Entries shown -

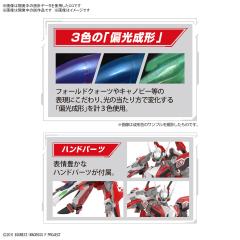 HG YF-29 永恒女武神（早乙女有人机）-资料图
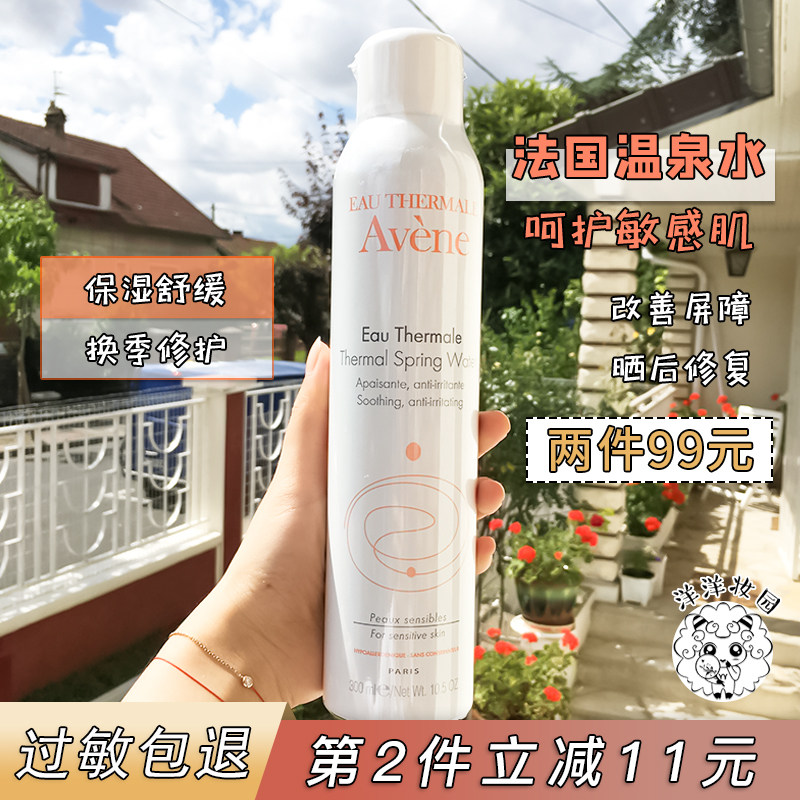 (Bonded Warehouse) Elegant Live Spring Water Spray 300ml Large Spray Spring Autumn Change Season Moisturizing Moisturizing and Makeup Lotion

...

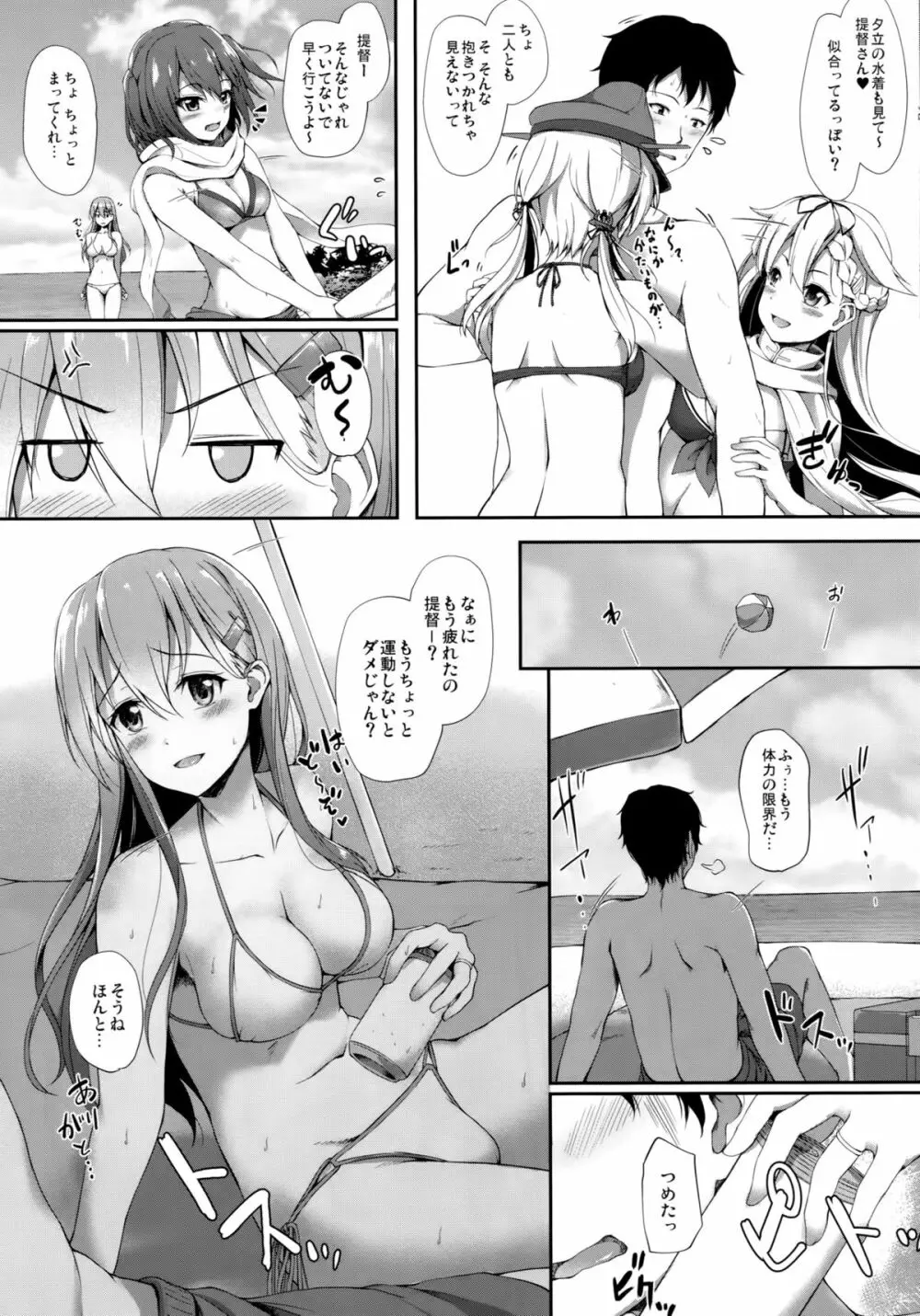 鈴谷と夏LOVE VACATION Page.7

Task directions - In the material above, one part opens with the line containing "HG YF-29 永恒女武神（早乙女有人机）-资料图" and closes with the line containing "(Bonded Warehouse) Elegant". Write out that part exactly and skip its pictures.

Solution to this exercise -
 HG YF-29 永恒女武神（早乙女有人机）-资料图
 (Bonded Warehouse) Elegant Live Spring Water Spray 300ml Large Spray Spring Autumn Change Season Moisturizing Moisturizing and Makeup Lotion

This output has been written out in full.